The processor may be further configured to align accumulation positions of the result of performing the multiplication operation and the accumulated mantissa data stored in each of the three mantissa registers, based on the result of the comparing.
In another general aspect, an operation method includes: receiving first data represented by a 4-bit fixed point; receiving second data that are 16 bits wide; encoding the second operand data, in a case in which the second operand data are of a floating-point type, and splitting the encoded second operand data into four 4-bit bricks; splitting the second operand data into four 4-bit bricks without encoding the second operand data, in a case in which the second operand data are of a fixed-point type; and performing a multiply-accumulate (MAC) operation between the split second operand data and the first operand data.
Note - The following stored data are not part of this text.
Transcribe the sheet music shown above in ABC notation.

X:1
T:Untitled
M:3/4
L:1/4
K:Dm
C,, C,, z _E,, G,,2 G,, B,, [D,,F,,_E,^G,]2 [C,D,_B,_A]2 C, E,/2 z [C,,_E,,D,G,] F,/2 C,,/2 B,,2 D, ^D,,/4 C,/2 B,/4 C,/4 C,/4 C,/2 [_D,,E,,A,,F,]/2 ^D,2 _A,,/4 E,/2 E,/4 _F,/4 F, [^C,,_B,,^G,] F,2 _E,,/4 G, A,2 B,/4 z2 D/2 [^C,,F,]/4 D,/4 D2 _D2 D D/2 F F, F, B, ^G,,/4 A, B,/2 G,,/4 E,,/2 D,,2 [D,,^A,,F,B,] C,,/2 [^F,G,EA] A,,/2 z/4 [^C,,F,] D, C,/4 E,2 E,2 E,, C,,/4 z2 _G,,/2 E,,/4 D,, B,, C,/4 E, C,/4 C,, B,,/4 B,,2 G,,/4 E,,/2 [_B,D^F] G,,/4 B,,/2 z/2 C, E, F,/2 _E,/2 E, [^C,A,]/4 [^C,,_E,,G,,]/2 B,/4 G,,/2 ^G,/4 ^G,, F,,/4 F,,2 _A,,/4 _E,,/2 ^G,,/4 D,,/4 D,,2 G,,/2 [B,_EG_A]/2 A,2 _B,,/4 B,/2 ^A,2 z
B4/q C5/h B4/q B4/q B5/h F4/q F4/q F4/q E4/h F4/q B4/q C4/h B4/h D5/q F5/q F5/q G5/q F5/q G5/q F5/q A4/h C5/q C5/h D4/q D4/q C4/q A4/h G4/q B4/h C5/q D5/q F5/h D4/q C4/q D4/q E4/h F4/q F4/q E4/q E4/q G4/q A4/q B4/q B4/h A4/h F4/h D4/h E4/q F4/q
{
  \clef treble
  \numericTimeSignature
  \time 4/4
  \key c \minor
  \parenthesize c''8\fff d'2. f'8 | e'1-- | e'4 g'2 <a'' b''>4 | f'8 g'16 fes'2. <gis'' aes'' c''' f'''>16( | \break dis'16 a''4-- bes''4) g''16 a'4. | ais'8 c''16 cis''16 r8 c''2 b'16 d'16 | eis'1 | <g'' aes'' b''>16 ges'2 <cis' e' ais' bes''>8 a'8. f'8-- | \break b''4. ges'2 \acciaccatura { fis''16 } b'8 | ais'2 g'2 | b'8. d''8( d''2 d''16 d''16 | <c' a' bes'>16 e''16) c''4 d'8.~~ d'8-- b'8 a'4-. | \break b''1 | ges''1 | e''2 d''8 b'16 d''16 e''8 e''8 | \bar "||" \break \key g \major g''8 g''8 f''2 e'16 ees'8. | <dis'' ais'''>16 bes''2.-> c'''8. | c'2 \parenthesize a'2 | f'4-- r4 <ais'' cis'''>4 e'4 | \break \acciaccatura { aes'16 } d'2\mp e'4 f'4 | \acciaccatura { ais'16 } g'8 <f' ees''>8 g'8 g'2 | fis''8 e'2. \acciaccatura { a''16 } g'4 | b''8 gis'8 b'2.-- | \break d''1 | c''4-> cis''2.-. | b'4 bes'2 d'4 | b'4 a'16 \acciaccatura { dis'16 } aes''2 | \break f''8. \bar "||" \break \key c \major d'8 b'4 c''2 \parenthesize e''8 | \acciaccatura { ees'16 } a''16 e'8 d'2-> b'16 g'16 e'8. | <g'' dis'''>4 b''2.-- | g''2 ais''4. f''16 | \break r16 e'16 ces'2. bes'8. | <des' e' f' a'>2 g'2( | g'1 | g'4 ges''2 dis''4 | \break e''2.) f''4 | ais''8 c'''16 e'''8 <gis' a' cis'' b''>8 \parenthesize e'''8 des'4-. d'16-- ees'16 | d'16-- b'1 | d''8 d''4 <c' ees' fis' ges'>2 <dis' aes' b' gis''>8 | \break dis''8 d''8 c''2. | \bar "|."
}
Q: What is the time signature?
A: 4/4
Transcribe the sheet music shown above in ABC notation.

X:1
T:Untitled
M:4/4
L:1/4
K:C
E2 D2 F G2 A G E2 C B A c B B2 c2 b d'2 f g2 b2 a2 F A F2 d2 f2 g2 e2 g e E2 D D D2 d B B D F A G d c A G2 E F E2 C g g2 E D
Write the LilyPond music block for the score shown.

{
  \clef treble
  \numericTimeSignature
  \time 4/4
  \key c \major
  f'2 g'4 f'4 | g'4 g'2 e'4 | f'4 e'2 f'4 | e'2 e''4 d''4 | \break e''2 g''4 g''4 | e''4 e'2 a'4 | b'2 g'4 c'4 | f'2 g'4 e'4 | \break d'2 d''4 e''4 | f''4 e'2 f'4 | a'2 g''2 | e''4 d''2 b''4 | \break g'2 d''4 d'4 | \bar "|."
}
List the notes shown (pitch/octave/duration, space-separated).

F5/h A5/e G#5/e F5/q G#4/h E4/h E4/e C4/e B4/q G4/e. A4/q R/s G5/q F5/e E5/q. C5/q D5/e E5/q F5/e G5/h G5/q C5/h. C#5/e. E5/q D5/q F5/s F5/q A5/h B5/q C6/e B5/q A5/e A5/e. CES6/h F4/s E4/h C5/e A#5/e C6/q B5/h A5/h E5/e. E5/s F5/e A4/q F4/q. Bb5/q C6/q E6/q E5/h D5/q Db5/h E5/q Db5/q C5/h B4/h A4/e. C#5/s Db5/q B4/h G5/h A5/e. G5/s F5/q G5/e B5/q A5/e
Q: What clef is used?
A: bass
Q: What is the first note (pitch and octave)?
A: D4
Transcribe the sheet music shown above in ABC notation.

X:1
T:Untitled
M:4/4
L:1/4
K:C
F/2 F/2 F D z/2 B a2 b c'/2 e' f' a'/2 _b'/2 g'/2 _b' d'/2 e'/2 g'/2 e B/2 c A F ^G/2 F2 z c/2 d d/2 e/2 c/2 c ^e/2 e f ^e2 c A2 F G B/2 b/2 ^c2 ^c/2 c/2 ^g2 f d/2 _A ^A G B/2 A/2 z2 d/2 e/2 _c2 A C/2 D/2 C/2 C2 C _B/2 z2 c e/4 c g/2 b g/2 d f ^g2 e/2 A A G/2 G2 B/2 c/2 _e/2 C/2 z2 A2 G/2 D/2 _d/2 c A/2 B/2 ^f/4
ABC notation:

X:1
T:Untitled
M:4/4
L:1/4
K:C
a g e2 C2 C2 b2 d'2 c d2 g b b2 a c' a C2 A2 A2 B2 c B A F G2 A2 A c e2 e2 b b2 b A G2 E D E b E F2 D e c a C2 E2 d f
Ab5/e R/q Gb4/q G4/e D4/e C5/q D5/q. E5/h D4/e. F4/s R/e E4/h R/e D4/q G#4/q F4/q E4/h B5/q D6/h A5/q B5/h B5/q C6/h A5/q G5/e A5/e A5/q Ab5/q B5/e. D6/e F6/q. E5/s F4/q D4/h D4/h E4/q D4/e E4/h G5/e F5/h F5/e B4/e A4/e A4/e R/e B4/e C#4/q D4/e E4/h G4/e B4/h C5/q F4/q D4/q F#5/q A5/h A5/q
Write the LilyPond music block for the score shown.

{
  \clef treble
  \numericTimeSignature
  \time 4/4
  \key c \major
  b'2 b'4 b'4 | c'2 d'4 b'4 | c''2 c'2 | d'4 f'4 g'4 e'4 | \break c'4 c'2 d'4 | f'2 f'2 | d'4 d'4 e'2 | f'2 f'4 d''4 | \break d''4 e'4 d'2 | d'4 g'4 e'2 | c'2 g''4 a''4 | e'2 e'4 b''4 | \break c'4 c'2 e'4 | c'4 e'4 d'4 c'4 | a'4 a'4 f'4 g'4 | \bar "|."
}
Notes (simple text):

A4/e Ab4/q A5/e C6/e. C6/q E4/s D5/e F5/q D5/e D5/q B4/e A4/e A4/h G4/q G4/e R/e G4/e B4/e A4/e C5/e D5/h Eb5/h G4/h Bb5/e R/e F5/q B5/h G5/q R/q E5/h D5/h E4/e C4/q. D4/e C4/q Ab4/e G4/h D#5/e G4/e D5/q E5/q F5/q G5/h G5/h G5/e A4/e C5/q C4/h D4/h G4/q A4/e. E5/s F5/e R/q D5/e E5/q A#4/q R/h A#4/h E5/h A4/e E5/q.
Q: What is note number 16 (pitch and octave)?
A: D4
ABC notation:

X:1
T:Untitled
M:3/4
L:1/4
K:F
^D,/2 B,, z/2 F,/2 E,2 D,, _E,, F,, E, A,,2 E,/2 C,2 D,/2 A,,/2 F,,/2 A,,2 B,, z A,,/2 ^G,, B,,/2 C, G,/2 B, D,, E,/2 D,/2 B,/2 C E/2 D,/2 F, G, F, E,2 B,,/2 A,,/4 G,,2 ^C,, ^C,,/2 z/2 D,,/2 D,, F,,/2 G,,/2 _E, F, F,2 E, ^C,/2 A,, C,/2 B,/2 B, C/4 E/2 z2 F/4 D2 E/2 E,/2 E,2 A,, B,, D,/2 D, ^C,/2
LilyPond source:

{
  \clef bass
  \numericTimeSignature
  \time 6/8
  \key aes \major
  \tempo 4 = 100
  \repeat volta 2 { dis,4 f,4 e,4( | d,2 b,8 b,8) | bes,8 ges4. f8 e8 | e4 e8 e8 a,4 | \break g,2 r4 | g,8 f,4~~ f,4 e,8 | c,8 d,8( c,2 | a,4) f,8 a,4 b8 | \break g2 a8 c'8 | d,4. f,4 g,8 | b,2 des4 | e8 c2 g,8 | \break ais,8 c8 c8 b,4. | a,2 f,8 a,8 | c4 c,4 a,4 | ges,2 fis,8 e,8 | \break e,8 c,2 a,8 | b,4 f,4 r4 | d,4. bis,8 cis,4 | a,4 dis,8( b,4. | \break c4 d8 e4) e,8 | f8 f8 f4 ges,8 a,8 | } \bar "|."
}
Other features and aspects will be apparent from the following detailed description, the drawings, and the claims.
Throughout the drawings and the detailed description, unless otherwise described or provided, the same drawing reference numerals will be understood to refer to the same elements, features, and structures. The drawings may not be to scale, and the relative size, proportions, and depiction of elements in the drawings may be exaggerated for clarity, illustration, and convenience.
The following structural or functional descriptions are exemplary to merely describe the examples, and the scope of the examples is not limited to the descriptions provided in the present specification.
Terms, such as first, second, and the like, may be used herein to describe components. Each of these terminologies is not used to define an essence, order or sequence of a corresponding component but used merely to distinguish the corresponding component from other component(s). For example, a “first” component may be referred to as a “second” component, or similarly, and the “second” component may be referred to as the “first” component within the scope of the right according to the concept of the present disclosure.
It should be noted that if it is described that one component is “connected”, “coupled”, or “joined” to another component, a third component may be “connected”, “coupled”, and “joined” between the first and second components, although the first component may be directly connected, coupled, or joined to the second component. On the contrary, it should be noted that if it is described that one component is “directly connected”, “directly coupled”, or “directly joined” to another component, a third component may be absent. Expressions describing a relationship between components, for example, “between”, directly between”, or “directly neighboring”, etc., should be interpreted to be alike.
The singular forms “a”, “an”, and “the” are intended to include the plural forms as well, unless the context clearly indicates otherwise. It should be further understood that the terms “comprises” and/or “comprising,” when used in this specification, specify the presence of stated features, integers, steps, operations, elements, components or a combination thereof, but do not preclude the presence or addition of one or more other features, integers, steps, operations, elements, components, and/or groups thereof.
Unless otherwise defined, all terms, including technical and scientific terms, used herein have the same meaning as commonly understood by one of ordinary skill in the art to which this disclosure pertains. Terms, such as those defined in commonly used dictionaries, are to be interpreted as having a meaning that is consistent with their meaning in the context of the relevant art, and are not to be interpreted in an idealized or overly formal sense unless expressly so defined herein.
The examples may be implemented as various types of products such as, for example, a data center, a server, a personal computer, a laptop computer, a tablet computer, a smart phone, a television, a smart home appliance, an intelligent vehicle, a kiosk, and a wearable device. Hereinafter, example embodiments will be described in detail with reference to the accompanying drawings. In the drawings, like reference numerals are used for like elements.
An artificial intelligence (AI) algorithm including deep learning may input data 10 to an ANN, and may learn output data 30 through an operation, for example, a convolution. The ANN may be a computational architecture obtained by modeling a biological brain. In the ANN, nodes corresponding to neurons of a brain may be connected to each other and may collectively operate to process input data. Various types of neural networks may include, for example, a convolutional neural network (CNN), a recurrent neural network (RNN), a deep belief network (DBN), or a restricted Boltzmann machine (RBM), but is not limited thereto. In a feed-forward neural network, neurons may have links to other neurons. The links may be expanded in a single direction, for example, a forward direction, through a neural network.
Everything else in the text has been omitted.